Every entry below should be returned exactly as it appears, with pictures left out.

Crawled caption data
###
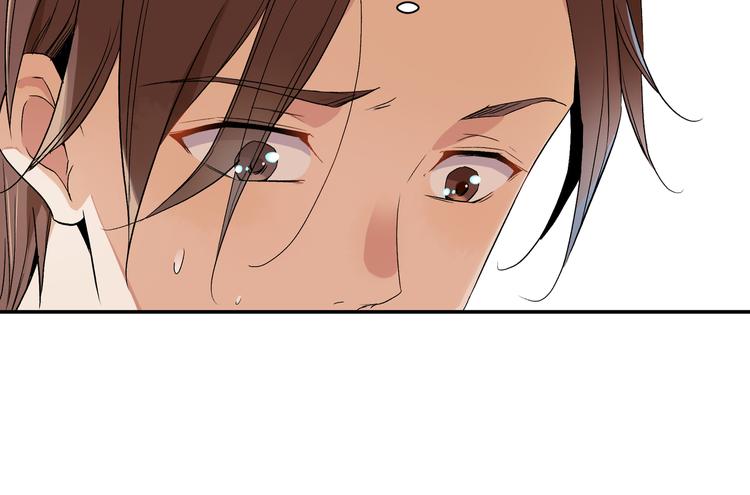 《上仙，缺猫否？》梦回 第20页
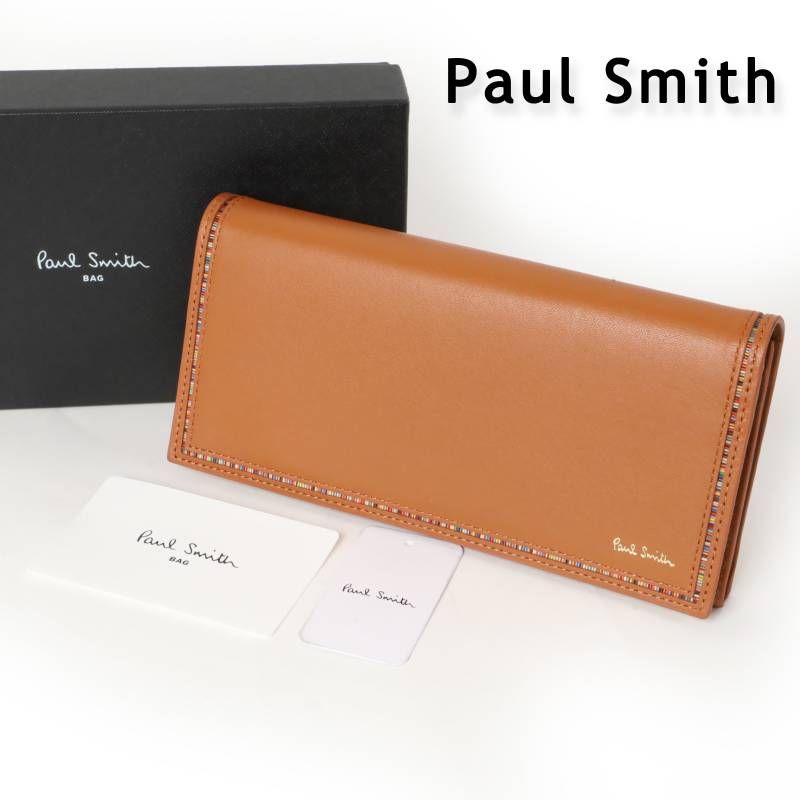 新品 Paul Smith ポールスミス ストライプインセットディテール かぶせ 長財布 フラップ レザーウォレット # 257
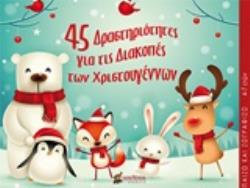 45 ΔΡΑΣΤΗΡΙΟΤΗΤΕΣ ΓΙΑ ΤΙΣ ΔΙΑΚΟΠΕΣ ΤΩΝ ΧΡΙΣΤΟΥΓΕΝΝΩΝ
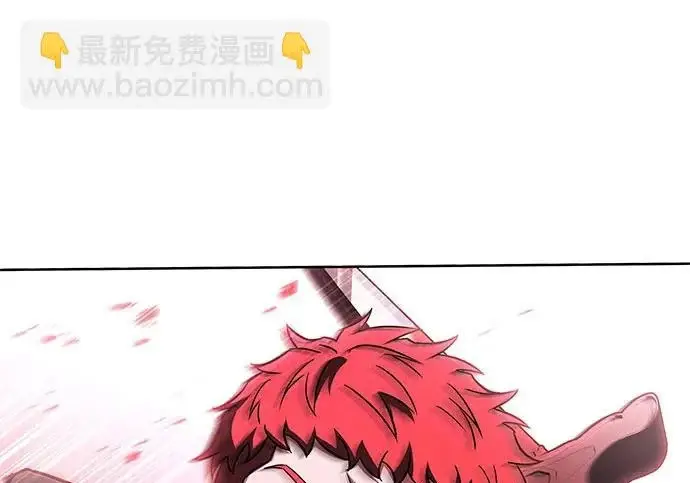 漫画《圣座们是我的弟子》第144话第178张图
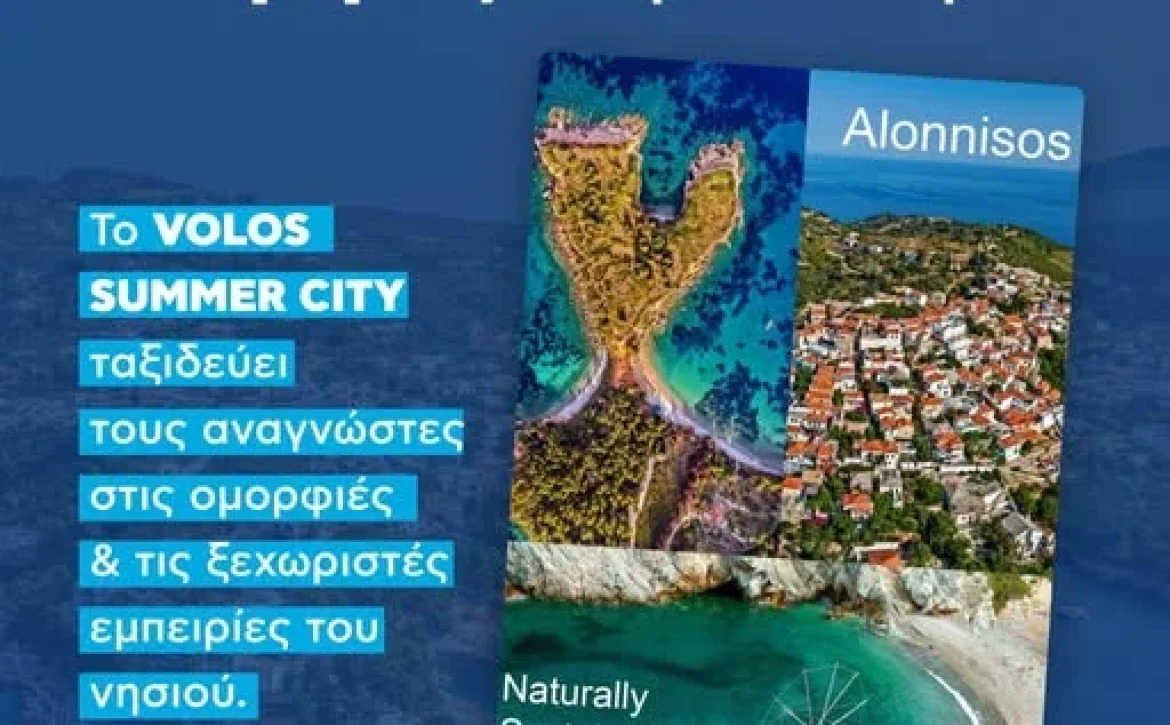 May be an image of map, Santorini and text that says '২4্১ !KIOM ΔΗΜΟΣ ΑΛΟΝΝΗΣΟΥ Αφιέρωμα της <> στην Αλόννησο Το VOLOS Alonnisos SUMMER CITY ταξιδεύει τους αναγνώστες στις ομορφιές τις ξεχωριστές εμπειρίες του νησιού Naturally Sustainable GREECE dn'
###
Response:
 《上仙，缺猫否？》梦回 第20页
 新品 Paul Smith ポールスミス ストライプインセットディテール かぶせ 長財布 フラップ レザーウォレット # 257
 45 ΔΡΑΣΤΗΡΙΟΤΗΤΕΣ ΓΙΑ ΤΙΣ ΔΙΑΚΟΠΕΣ ΤΩΝ ΧΡΙΣΤΟΥΓΕΝΝΩΝ
 漫画《圣座们是我的弟子》第144话第178张图
 May be an image of map, Santorini and text that says '২4্১ !KIOM ΔΗΜΟΣ ΑΛΟΝΝΗΣΟΥ Αφιέρωμα της <> στην Αλόννησο Το VOLOS Alonnisos SUMMER CITY ταξιδεύει τους αναγνώστες στις ομορφιές τις ξεχωριστές εμπειρίες του νησιού Naturally Sustainable GREECE dn'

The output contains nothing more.